Ignoring the pictures, repeat every entry below exactly as it appears.

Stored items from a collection
============
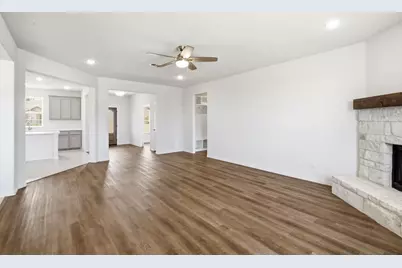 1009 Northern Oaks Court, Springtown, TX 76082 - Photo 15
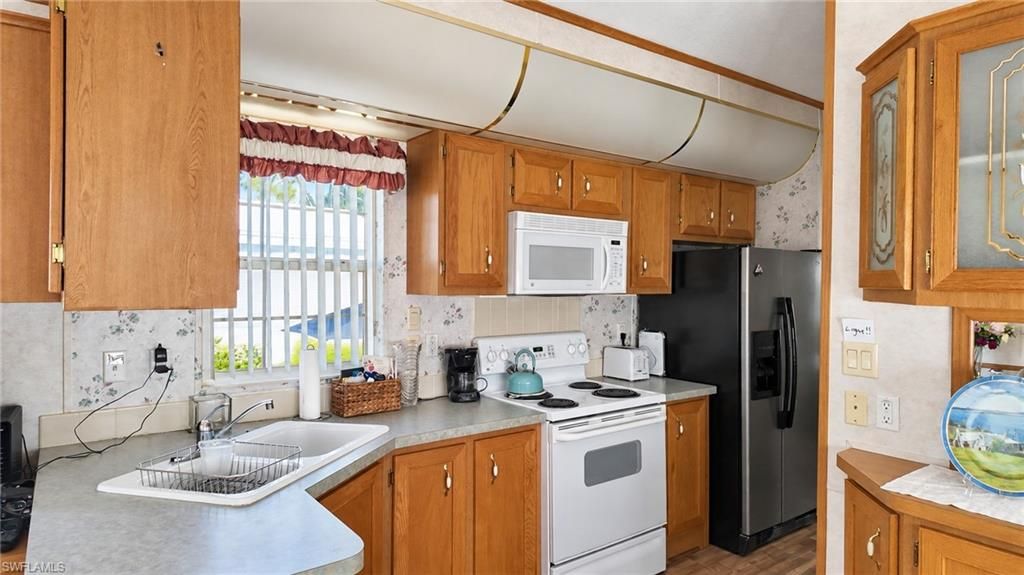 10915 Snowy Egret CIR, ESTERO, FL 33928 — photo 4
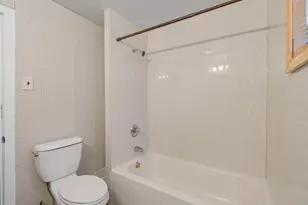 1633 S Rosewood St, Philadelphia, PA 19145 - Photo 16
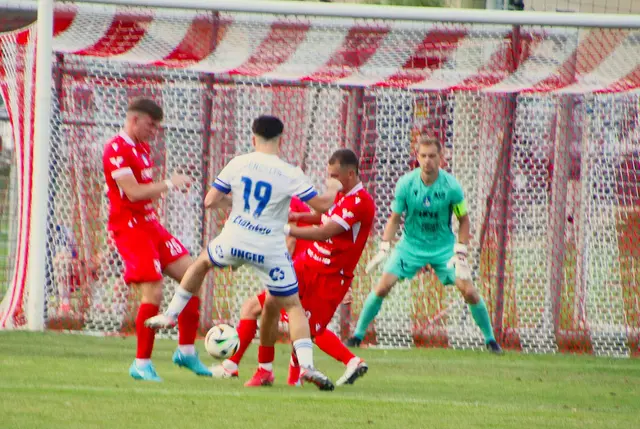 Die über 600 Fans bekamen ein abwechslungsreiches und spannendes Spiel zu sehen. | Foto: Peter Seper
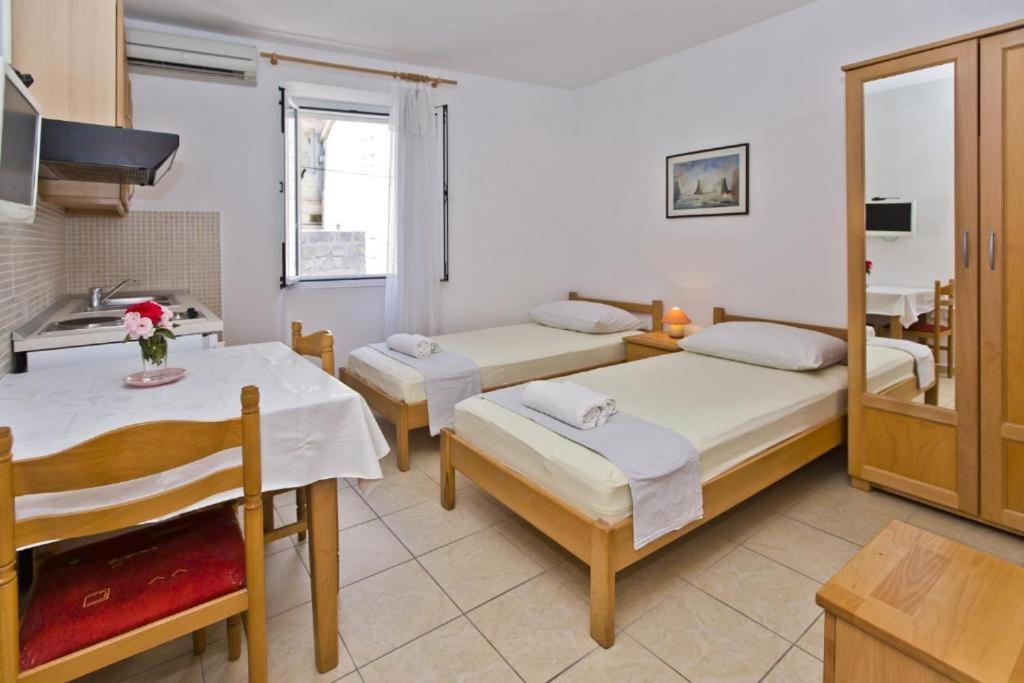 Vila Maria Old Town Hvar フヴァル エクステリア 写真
============
# [WRITTEN RESPONSE]
 1009 Northern Oaks Court, Springtown, TX 76082 - Photo 15
 10915 Snowy Egret CIR, ESTERO, FL 33928 — photo 4
 1633 S Rosewood St, Philadelphia, PA 19145 - Photo 16
 Die über 600 Fans bekamen ein abwechslungsreiches und spannendes Spiel zu sehen. | Foto: Peter Seper
 Vila Maria Old Town Hvar フヴァル エクステリア 写真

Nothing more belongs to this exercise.